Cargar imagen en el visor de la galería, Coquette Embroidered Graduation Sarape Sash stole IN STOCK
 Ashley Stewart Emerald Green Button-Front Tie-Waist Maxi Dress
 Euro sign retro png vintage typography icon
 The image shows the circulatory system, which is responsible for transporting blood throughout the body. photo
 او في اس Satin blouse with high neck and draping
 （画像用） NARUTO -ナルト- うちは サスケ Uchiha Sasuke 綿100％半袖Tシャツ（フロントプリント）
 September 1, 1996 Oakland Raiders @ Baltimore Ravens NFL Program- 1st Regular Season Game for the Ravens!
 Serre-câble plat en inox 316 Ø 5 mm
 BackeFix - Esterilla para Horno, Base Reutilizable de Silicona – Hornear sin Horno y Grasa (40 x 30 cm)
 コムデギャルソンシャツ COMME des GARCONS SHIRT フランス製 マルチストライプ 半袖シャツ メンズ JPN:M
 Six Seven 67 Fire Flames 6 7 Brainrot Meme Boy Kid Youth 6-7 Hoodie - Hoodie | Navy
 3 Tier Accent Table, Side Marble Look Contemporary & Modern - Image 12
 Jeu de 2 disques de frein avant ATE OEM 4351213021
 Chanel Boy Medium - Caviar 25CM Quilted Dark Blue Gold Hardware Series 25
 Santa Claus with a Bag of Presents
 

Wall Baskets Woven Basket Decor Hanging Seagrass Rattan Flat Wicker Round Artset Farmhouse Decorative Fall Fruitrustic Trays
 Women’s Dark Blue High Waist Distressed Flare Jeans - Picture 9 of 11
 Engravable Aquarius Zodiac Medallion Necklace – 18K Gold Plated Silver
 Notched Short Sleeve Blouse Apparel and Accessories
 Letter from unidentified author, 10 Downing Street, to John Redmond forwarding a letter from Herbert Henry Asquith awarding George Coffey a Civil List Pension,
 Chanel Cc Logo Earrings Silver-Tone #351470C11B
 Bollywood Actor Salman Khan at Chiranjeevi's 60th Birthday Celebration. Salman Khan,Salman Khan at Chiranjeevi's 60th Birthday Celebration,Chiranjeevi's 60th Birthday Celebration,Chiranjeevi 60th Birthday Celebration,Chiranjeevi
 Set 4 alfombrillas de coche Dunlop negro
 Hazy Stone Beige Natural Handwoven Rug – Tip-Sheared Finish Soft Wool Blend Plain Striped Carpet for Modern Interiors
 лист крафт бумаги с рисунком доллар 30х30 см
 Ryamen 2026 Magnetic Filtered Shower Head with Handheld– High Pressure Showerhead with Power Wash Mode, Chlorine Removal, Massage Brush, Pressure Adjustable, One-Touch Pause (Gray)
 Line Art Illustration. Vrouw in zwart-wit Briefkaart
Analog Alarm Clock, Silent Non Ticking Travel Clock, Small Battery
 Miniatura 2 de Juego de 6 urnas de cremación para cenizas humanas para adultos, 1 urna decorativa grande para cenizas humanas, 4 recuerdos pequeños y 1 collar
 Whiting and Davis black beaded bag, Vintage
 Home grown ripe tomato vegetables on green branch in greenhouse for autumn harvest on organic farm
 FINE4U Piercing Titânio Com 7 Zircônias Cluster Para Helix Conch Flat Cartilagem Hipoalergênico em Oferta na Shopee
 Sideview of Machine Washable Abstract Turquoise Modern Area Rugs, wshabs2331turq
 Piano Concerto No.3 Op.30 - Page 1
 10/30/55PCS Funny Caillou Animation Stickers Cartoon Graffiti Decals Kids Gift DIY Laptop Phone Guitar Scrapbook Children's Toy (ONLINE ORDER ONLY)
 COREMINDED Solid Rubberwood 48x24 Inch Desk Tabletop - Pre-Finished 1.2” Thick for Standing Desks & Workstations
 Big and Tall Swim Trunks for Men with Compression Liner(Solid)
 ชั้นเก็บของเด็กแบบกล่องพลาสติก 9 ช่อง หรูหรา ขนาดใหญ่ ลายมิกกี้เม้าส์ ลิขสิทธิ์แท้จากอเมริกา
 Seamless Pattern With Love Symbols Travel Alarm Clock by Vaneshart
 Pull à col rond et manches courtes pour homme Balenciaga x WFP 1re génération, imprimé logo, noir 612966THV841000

= = = = =

◆ Activity
As the answer, set down only the lines from the data above between the one holding "Chanel Cc Logo" and the one holding "Analog Alarm Clock, Silent", inclusive, exactly as they read.

◆ Answer to this exercise
 Chanel Cc Logo Earrings Silver-Tone #351470C11B
 Bollywood Actor Salman Khan at Chiranjeevi's 60th Birthday Celebration. Salman Khan,Salman Khan at Chiranjeevi's 60th Birthday Celebration,Chiranjeevi's 60th Birthday Celebration,Chiranjeevi 60th Birthday Celebration,Chiranjeevi
 Set 4 alfombrillas de coche Dunlop negro
 Hazy Stone Beige Natural Handwoven Rug – Tip-Sheared Finish Soft Wool Blend Plain Striped Carpet for Modern Interiors
 лист крафт бумаги с рисунком доллар 30х30 см
 Ryamen 2026 Magnetic Filtered Shower Head with Handheld– High Pressure Showerhead with Power Wash Mode, Chlorine Removal, Massage Brush, Pressure Adjustable, One-Touch Pause (Gray)
 Line Art Illustration. Vrouw in zwart-wit Briefkaart
Analog Alarm Clock, Silent Non Ticking Travel Clock, Small Battery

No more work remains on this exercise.